If the umbilical ring fails to close after birth, an umbilical hernia may form where the intestines will protrude through the abdominal wall. In this case the skin is intact, but the abdominal muscle wall is not fully closed. Some cases of umbilical hernia are hereditary, but not all (Sousa, et al., 2013). If the intestines protruding through the hernia become twisted or obstructed, your goat will die without intervention. Surgical intervention has some promise of success, but you will have to weigh the pros and cons of possibly breeding a goat with a hernia, repaired or not.
The umbilical cord is a marvelous structure. It provides nutrients for the growing fetus and then closes off at birth. Proper care helps the area to heal without infection. If you do little else for your does at kidding time, do consider at least dipping the umbilical cord of the new babies to help prevent navel ill.

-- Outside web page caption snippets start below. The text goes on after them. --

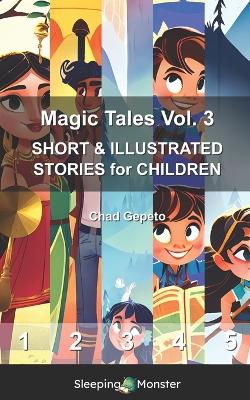 Book cover for Magic Tales Vol. 3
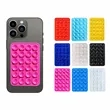 Silicone Suction Phone Case Mount | https://www.bestnamebadges.com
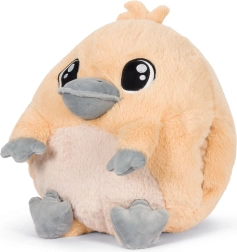 Cozy Noxxiez hrejivý plyšový vankúš 3 v 1 – vtákopysk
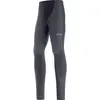 Image de GOREWEAR C3 Collant Thermique avec Peau de Chamois Homme, Partial GORE-TEX INFINIUM WINDSTOPPER, Collant de Cyclisme Chaud, Coupe Ajustée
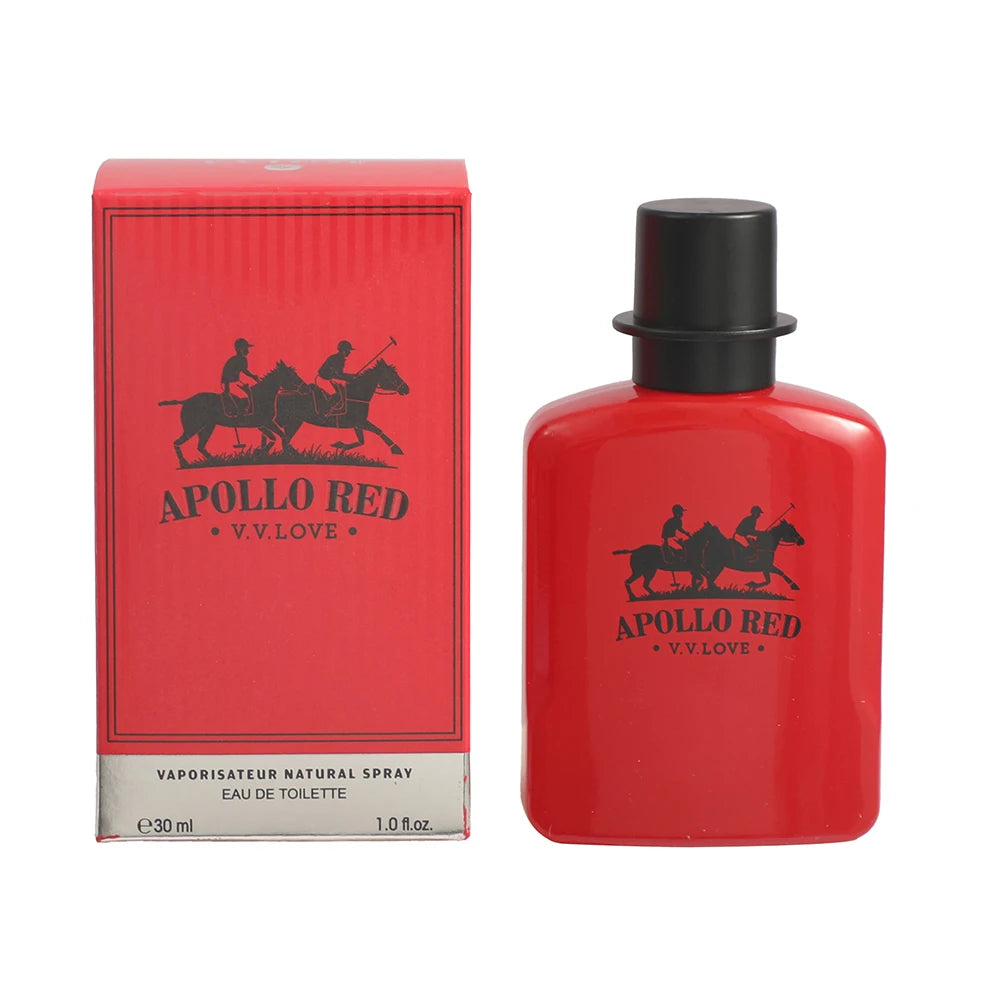 30ML 1.0FL.OZ Apollo Men's Perfume Man, Inspired by Polo EDP Long-Lasting Pheromone Perfume Hombre Cologne Spray Free Shipping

Bowen, J. S. (2014, January). Joint-Ill in Goats. Retrieved from Merck Veterinary Manual: https://www.merckvetmanual.com/musculoskeletal-system/lameness-in-goats/joint-ill-in-goats
Passler, T., Bayne, J., & Brady, B. (2018, December 6). Care During & Post Kidding In Dairy Goats. Retrieved from Alabama A&M and Auburn Universities Extention: https://www.aces.edu/blog/topics/sheep-goats/care-during-post-kidding-in-dairy-goats/
PennState Extention. (n.d.). Meat Goat Production and Management: The Birth Process. Retrieved from PennState Extention : https://extension.psu.edu/programs/courses/meat-goat/reproduction/the-process-of-kidding/the-birth-process
Sousa, G., Pessoa, G., Pires, L. V., Ribeiro, F., Ferreira, M., Lopes, M., . . . Feitosa Junior, F. (2013). Umbilical hernia in goats: case report. PUBVET.